(This is in response to the #rpgaday list of questions)
I’m not entirely sure what “most intellectual” RPG I own even means. Clearly *Aria: Canticle of the Monomyth* is the most pretentious RPG ever published in English, but do I own that or was it Rob Barrett’s copy?
I think, though, that I’m going to go with a different take on “intellectual”, and make an argument that good old D&D white box is the most intellectual of the RPGs I own. I mean, besides the fact that even understanding how to play requires a bunch of analysis of cryptic text. Unlike most of the games that came after it, OD&D engages the GM and the players on a purely intellectual level. Not that you have to be smart to play it, but that there’s nothing to do, no way to resolve situations or move ahead in the game except by thinking, trying to understand the fictional world, and making decisions based on that. Any puzzles that are encountered have to be solved by the player. Anything the players attempt to do outside of a sparse set of tasks has to be adjudicated by the GM based on what seems reasonable: there isn’t even a hint of a mechanism along the lines of pick a difficulty and roll a die, or rules to mold outcomes according to aesthetic considerations or play that emphasizes non-thinky things like performance, empathy (especially empathic understanding of your own character), and so on. You could use OD&D as the basis for such play, and it wouldn’t get in the way…but that’s because it said nothing about it. Everything that’s actually on the page is about play as an intellectual task. OD&D doesn’t even use the term “role-playing” anywhere in its text: the only uses of the word role are in reference to the character’s *function*, e.g. “roll three six-sided dice in order to rate each as to various abilities, and thus aid them in selecting a role.” (in context fighting man, magic user, or cleric).
A big part of OD&D’s engagement on an intellectual level has to do with how poorly organized and written it is. It’s an absolute mess as a system book, and the technical writer in me hates it, but I think that mess is also part of the appeal: it’s this hard to decipher mess of arcane information that, if properly interpreted, creates a wonderful gaming experience.
An astounding thing about Eric Holme’s Basic edition is that it is mechanically almost identical to OD&D, but it looks and feels so different because it is so much more decipherable than Gary’s. Having better layout editing didn’t hurt either.
I don’t think that’s really true. Not the bit about OD&D being disorganized and hard to parse, that’s certainly true, but I think that the intellectual nature of it extends to actual play even if you’ve had the rules distilled and interpreted for you into something fairly comprehensible (say by the DM). I don’t have Holmes handy to compare it to, but even by Moldvay Basic there’s GM advice about XP awards for good play (clever ideas and extra danger) and penalties for bad play (careful attention to alignment or shirking danger) that are completely absent in OD&D. I see it as part of the transition from Fantastic Medieval Wargames Campaigns to The Original Fantasy Role Playing Game.

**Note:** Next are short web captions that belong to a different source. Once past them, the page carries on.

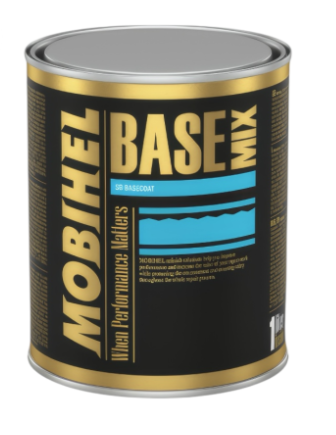 Краска для авто по VIN-коду Mobihel BASE MIX Xirallic 100 мл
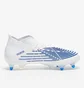 Бутси унісекс Adidas Predator Edge.1 Sg White GY5686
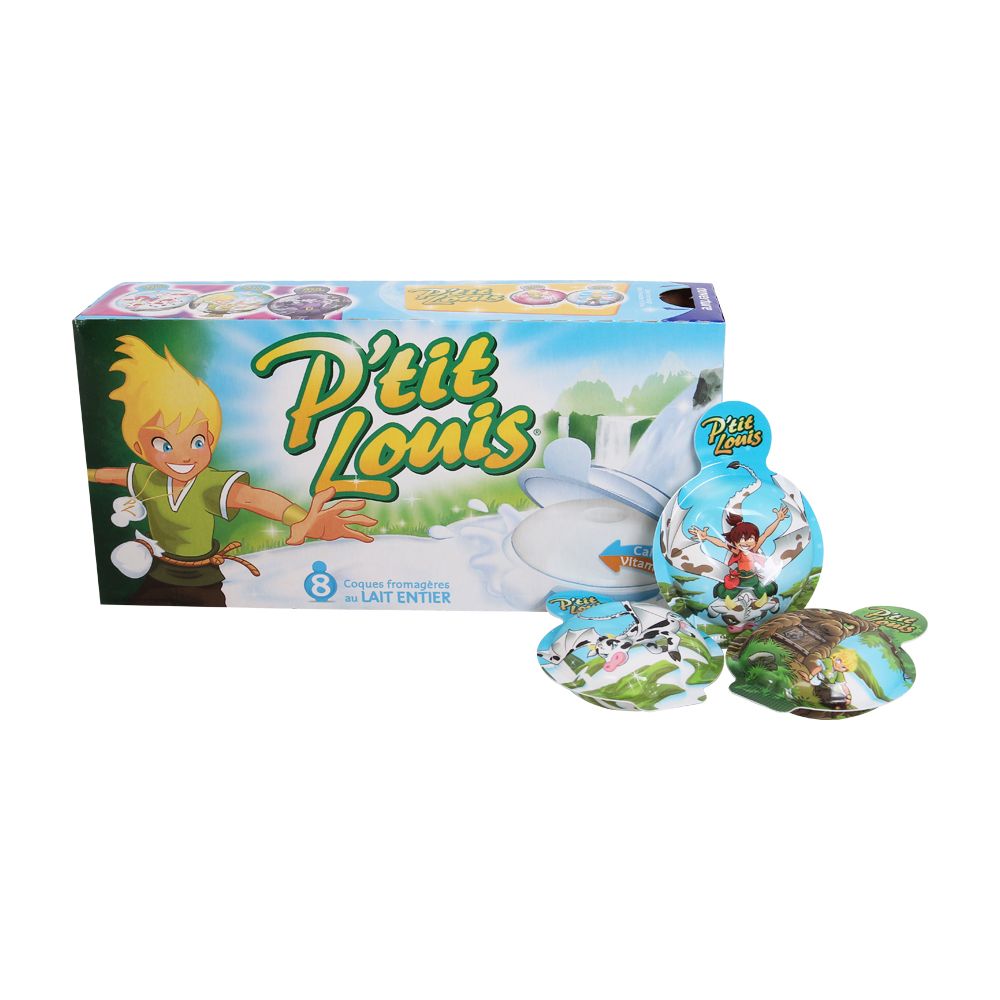 Phô mai P'tit Louis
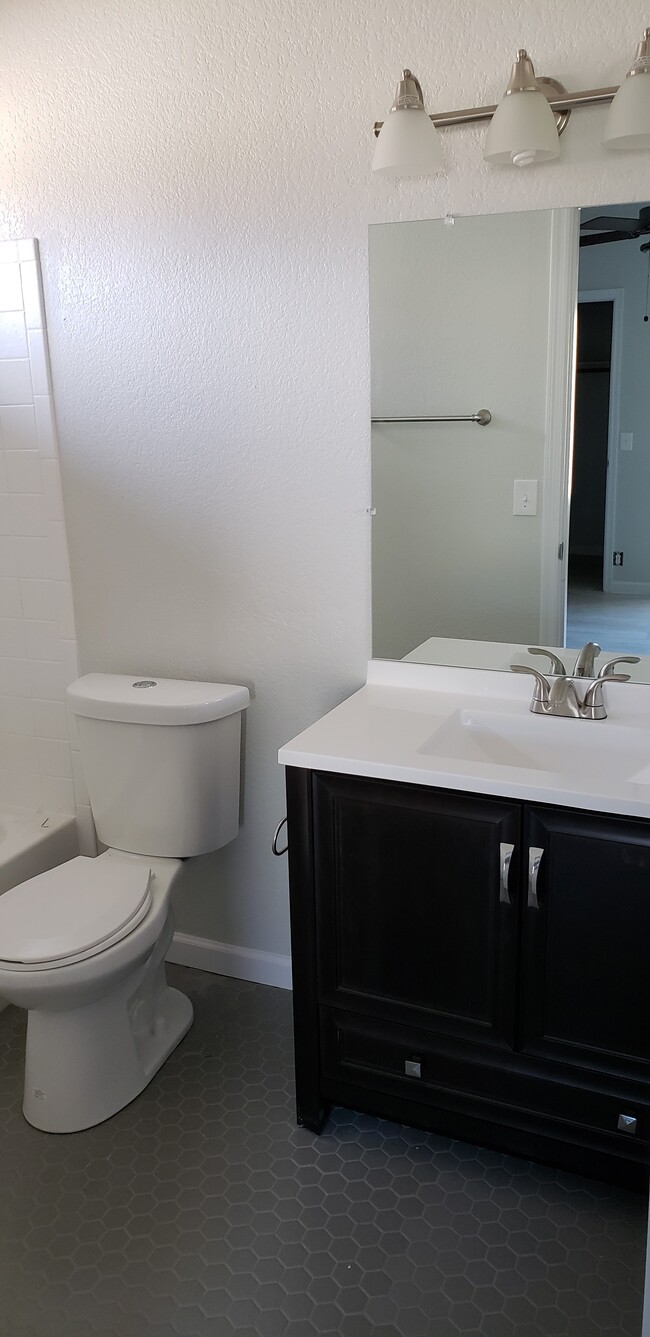 Sierra St Bathroom - 7318 W Sierra St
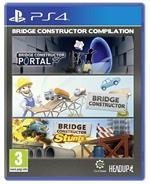 Bridge Constructor Compilation PS4
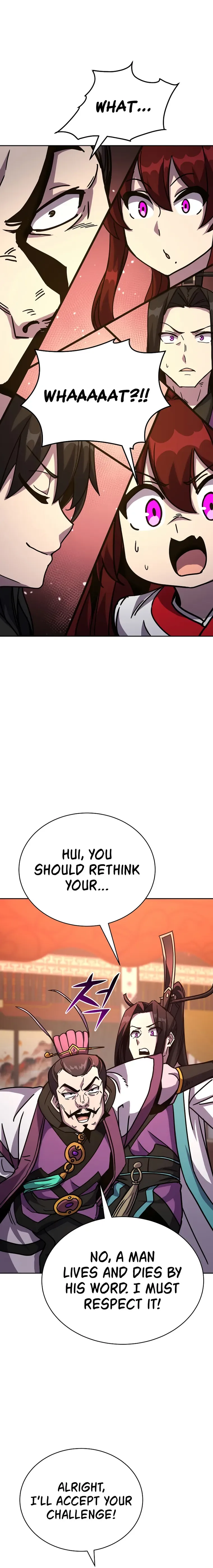 Martial Streamer Chapter 8 page 21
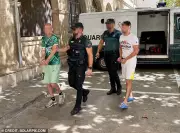 Eight Men Jailed 73 Years for Filming Gang Rape of British Teen in Spanish Hotel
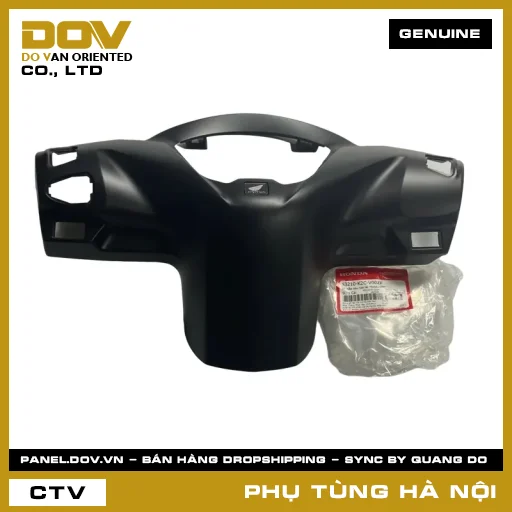 MÃ PHỤ TÙNG : 53210K2CV00ZF BỘ NẮP SAU TAY LÁI *NHA76M* — 53210K2CV00ZF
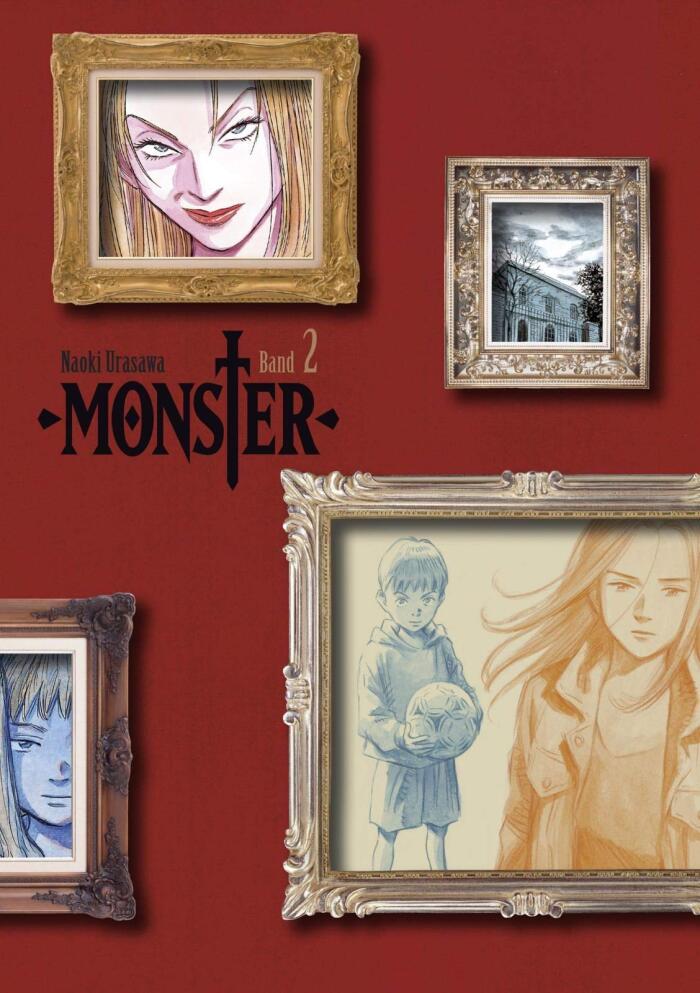 Monster, Band 2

The criteria you use, though, to define it as an intellectual game seem to be based on a detachment between imaginative problem-solving and game mechanics. Given that adherence to the mechanics of D&D is one of the first things that generally get thrown out the window anyway, a better case might therefore be made for an open-ended diceless system like Microscope.

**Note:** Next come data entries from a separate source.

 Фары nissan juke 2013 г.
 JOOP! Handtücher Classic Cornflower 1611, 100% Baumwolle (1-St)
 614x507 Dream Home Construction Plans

A better case for ‘intellectual’ could be made on a literary basis for AD&D, taking into account Appendix N and the influence of the writings upon mechanics, implied setting, and implied gameplay as well as the mechanics, setting and gameplay’s influence on future writings.
I don’t own Microscope, so even if that’s so it doesn’t count for answering the question. I think there are games (that I own) that are way more literary than any version of D&D, but that’s not really what I’m choosing to examine here. Basically, though, I’m trying to make some marginally interesting hay out of a vague and (to me) not very satisfying question. There seems to me to be a real sense in which OD&D is proto-roleplaying and there’s something interesting about how successors ran with that and opened up the scope for other mental activities.
In that, I can definitely agree. Part of what fascinates me is that period in game evolution where the board-gaming elements shift and become vestigial.
OD&D is the time during which it is impossible to say what the game is. It is a board game. But it is not a board game. It is a mini’s game descended from Little Wars, but does not need minis.
Sometimes these elements creep back in in weird, and sometimes non-sensible ways, and sometimes they get actively expunged. Most all games since try to find a spot on the spectrum of mechanical/board game to pure theater of the mind while owing their roots a game that could encompass both but was truly neither.
Also, you should check out Microscope. While it’s a game unto itself, it’s great for world creation since, after 2 or 3 hours of play, you end up with a pretty fleshed out setting that can be ported any other game system.